What will it all cost?
Simply, a very large amount, although the experts are still working on the basis of massive uncertainties. The CCC estimates the extra annual ‘resource costs’ would be around £40-£50bn, but point out that within that, transport costs may be lower since EVs will soon be cheaper than internal combustion engine vehicles….and what are the alternatives? Continuing warming?
What do we think about all this?
Thirty years feels like a luxuriously long time. It isn’t. This is a huge change project and process. Everything needs to change – we will be driving electric cars, using heat pumps and/or electric heating, flying less (?) in bio-fuelled planes, using even more wind turbines and solar panels…..And what will the stranded oil companies do?

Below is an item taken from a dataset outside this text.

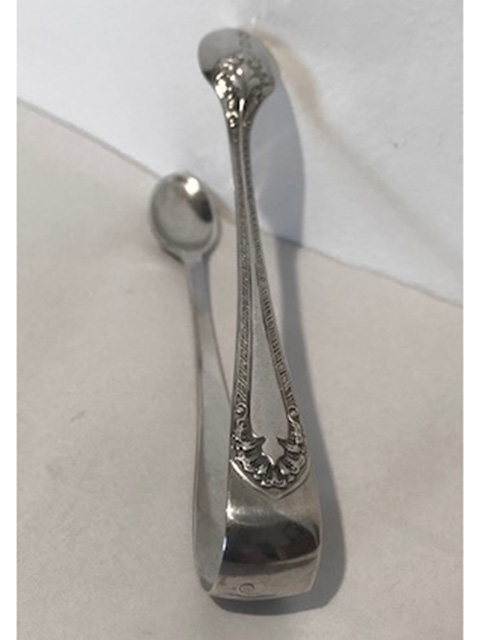 Pretty Pair of Henry Atkin Antique Solid Silver Sugar Tongs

We’ve omitted a couple of sectors in this discussion and haven’t even touched on Carbon Capture and Storage which is required in all the scenarios analysed by the CCC. No large scale commercially viable CCS processes exist at the moment, although we do know that some Carbon Capture and Utilisation (CCU) plants are now operating profitably. And we’ve only looked at the UK.
Given the time scales within which actions must be taken, the government must soon make the major strategic decision as to whether to back a ‘hydrogen economy’ – or not. Such a decision probably needs to be taken with international consultation if shipping is to be hydrogen fuelled.
The “Carbon Neutral” project needs to be managed with urgency, visibility of goals, accountabilities and achievements. The UK Government has a lot to do.